We will be going over the Tower Xtreme Paddle Board in this review. We will be detailing what I liked, disliked as well as how the board performs in the water on some of our on-water tests.
The Tower Xtreme is a relatively new player in the ISUP game that differentiates itself by being 8” thick compared to the standard 6”.
The founder of Tower Paddle Boards Stephan Aarstol quoted this to me when talking to him via email.
“It’s an industry game changer on par with when we introduced 6″ thick iSUPs. The reason it’s so stable is that it is rigid (far more rigid than 6″ boards, which are far more rigid than 4″ boards. It’s actually 8x as rigid as a 4″ board), and wide, and has massive volumen (the volume of a ~13′ board due to the extra 2″ thickness).”
So how did the Xtreme paddle board fair when we put it to the test in the waters of Deep Cove British Columbia?
What Did We Think of the Tower Xtreme paddle board?
The Tower Xtreme was a pleasant surprise when it came to the stability of the board. Infact my friend who has a harder time balancing actually really liked this board. He has no problem standing on the board first time, even when waves were coming incoming from boats! So if he can do stand on this board, chances are so can you!
My overall impressions of the Tower Xtreme was that it was considurably more rigid compared to the Yachtsman and the S-Class and it showed in its outright stability. I can confidently say this is one of the most stable SUPs I’ve paddled and I feel like Tower are on to something with the 8″ thickness.
Like many Tower boards the on-board features and accessories are underwhelming. But if you are looking for a bare bones SUP that will keep its stability throughout the learning faze this is a great pick.
Tower Xtreme Paddle Board Review Ratings
Below is how we rated the Tower Xtreme Paddle Board.
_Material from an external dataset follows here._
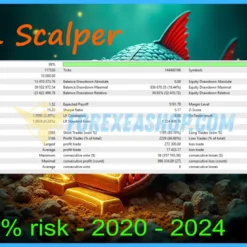 Mon Scalper MT4 Backtesting1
Click the links below to jump to each section
Total Score: 7.63/10 (The Averages of Below Scores)
- On-Water Performance – 8.1
- Stability 9.5
- Tracking 7
- Speed 7
- Maneuverability 9
- SUP Construction – 8
- Board Features – 7.4
- Deck Pad 8
- D Rings 7
- Deck Bungees 7
- Handles 7.5
- Accessories – 7.2
- Paddle 7.5
- Pump 7
- Fins 7
- Set-Up/ Take Down – 7.5
- Supremly stable for almost all paddlers
- Can be used as a tandem SUP
- The board is very manueverable in the water
- The 8″ Thickness adds rigidity
- Board keeps stable even with waves
- Xtreme is a great big and tall guy/gal board
- Paddle is sturdy when paddling
- Board has a good color scheme
- No Bag that comes with the board
- Tracking is not this boards strongest suit
- Finbox is pretty basic for the boards price point
- At least a dual chamber pump would have been preferable especially for a board of its volume
Who is the Tower Xtreme SUP For?
The Tower Xtreme first and foremost is for folks who want a board that has less of a learning curve. In other words, the board is super duper stable. In fact, if you compare the Xtreme to the S-Class or Yachtsman the difference is like night and day.
The Xtreme is supremely wide clocking in at a width of 35”. This is 3” wider than the normal 32” width which is usually associated with many 10’6” paddle boards. The extra 3” width goes a long way in how the board feels in the water.
When both my friend and I stood on the board compared to the other Tower boards the difference was clear. It felt more like you were standing on an inflatable dock than a paddle board. It had great primary stability.
So back to the original question. The Tower Xtreme is great for bigger/ taller folks who may not be the more coordinated individuals with their balance. Its a great starter board for these people because the platform in which you stand feels a lot more steady in the water which gives you that confidence to stand!
What SUP Activities Can the Tower Xtreme Be Used For?
The Tower Xtreme has two main uses that it is ideal for:
The Tower Xtreme can be used for a few hours out on the lake or in coastal conditions. For those who want something that they can stand on almost instantly and feel stable, the Xtreme is a pretty solid pick. Especially for its price tag.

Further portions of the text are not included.